* _Directions_
Below, find the line containing "Hervis katalog Jesenice do 10. 3." and the line containing "Restaurant/places to eat"; reproduce exactly those two and every line between them, omitting pictures.

* _Available data_
════════════════════

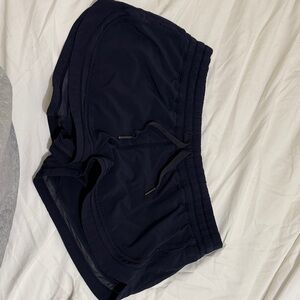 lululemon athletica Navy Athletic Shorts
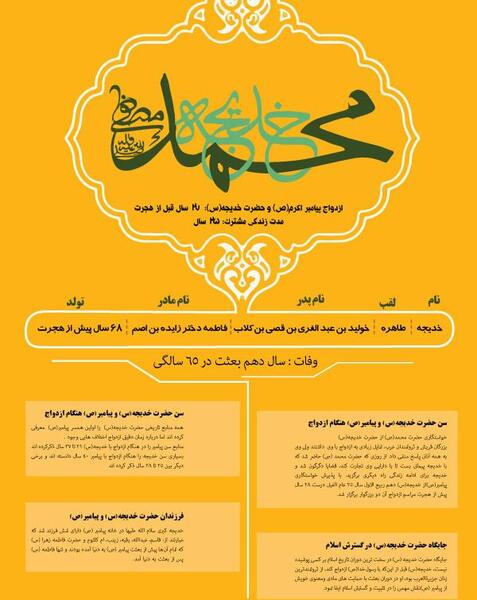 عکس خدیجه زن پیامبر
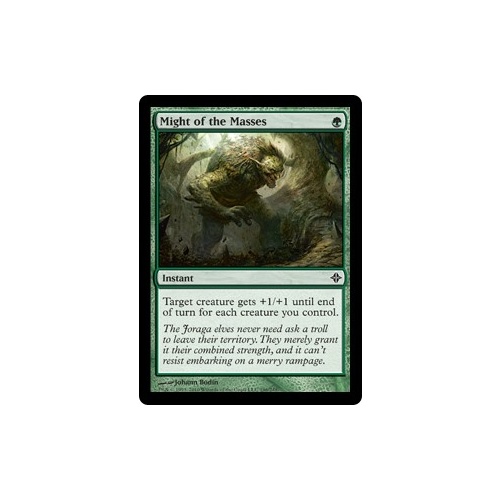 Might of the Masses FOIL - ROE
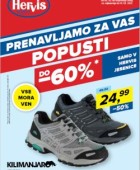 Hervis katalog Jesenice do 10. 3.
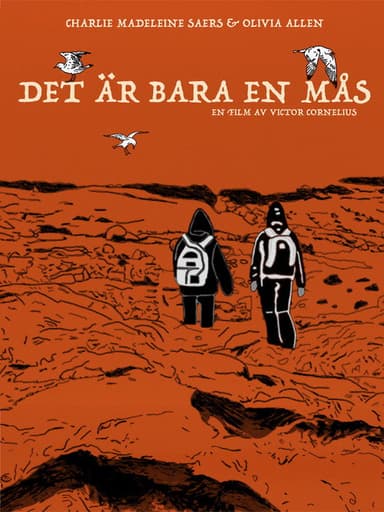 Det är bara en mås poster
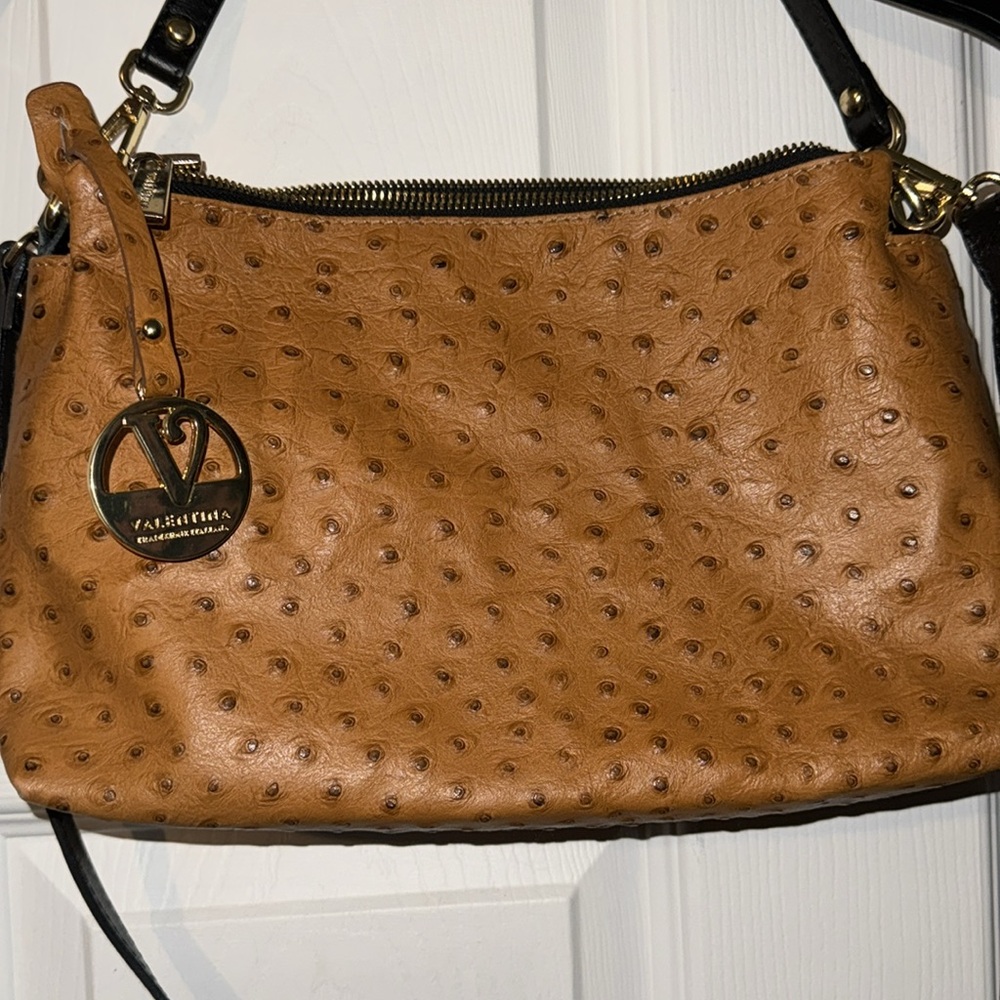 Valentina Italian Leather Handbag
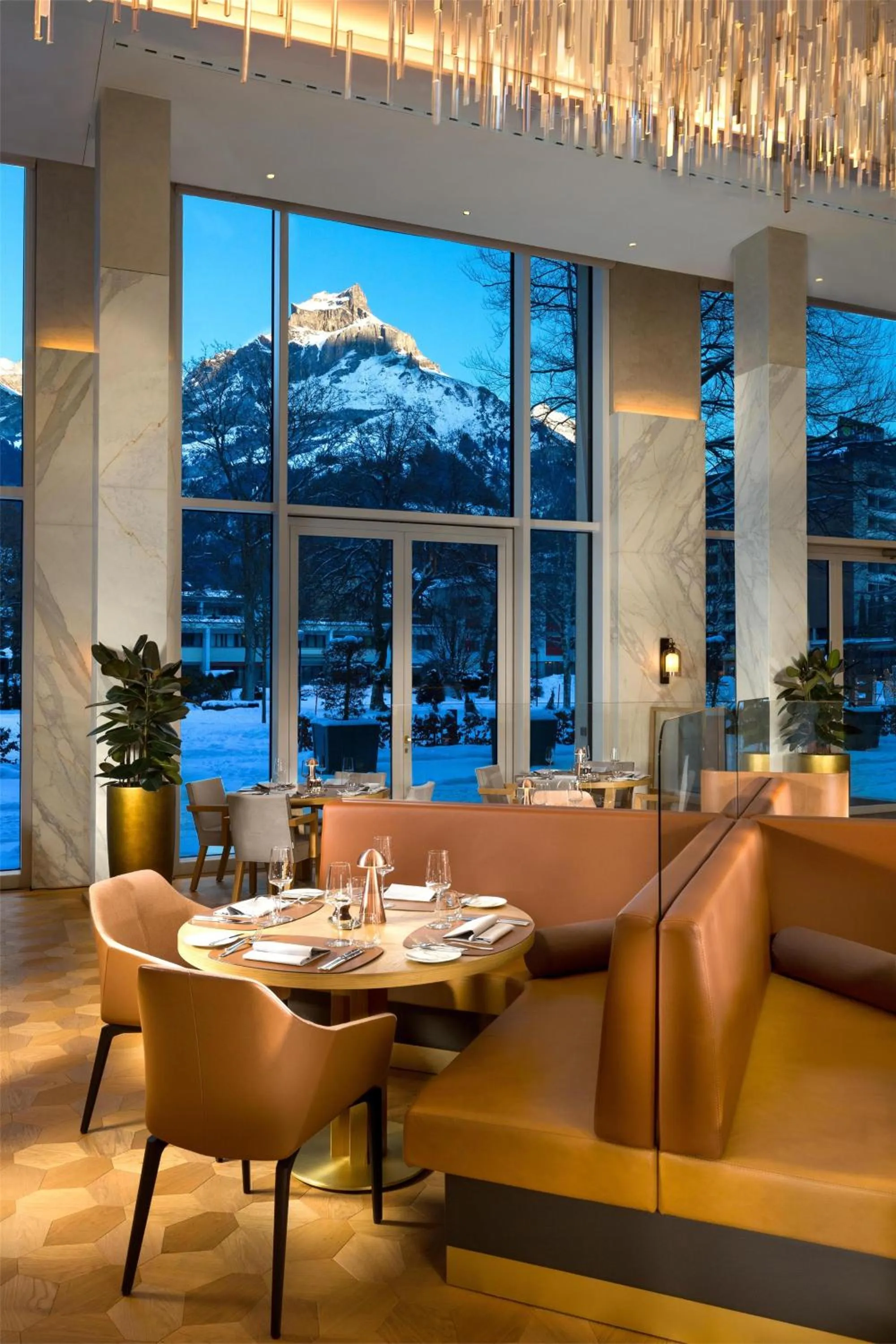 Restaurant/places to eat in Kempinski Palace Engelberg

════════════════════

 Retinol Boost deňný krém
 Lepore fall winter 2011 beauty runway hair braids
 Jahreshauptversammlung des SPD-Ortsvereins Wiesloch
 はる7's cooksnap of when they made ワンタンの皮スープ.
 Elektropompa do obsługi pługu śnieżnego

════════════════════

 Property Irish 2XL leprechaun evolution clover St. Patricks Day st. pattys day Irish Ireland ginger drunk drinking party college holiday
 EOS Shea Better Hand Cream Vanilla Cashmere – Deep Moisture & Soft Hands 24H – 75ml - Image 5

════════════════════

* _Exercise output_
 Hervis katalog Jesenice do 10. 3.
 Det är bara en mås poster
 Valentina Italian Leather Handbag
 Restaurant/places to eat in Kempinski Palace Engelberg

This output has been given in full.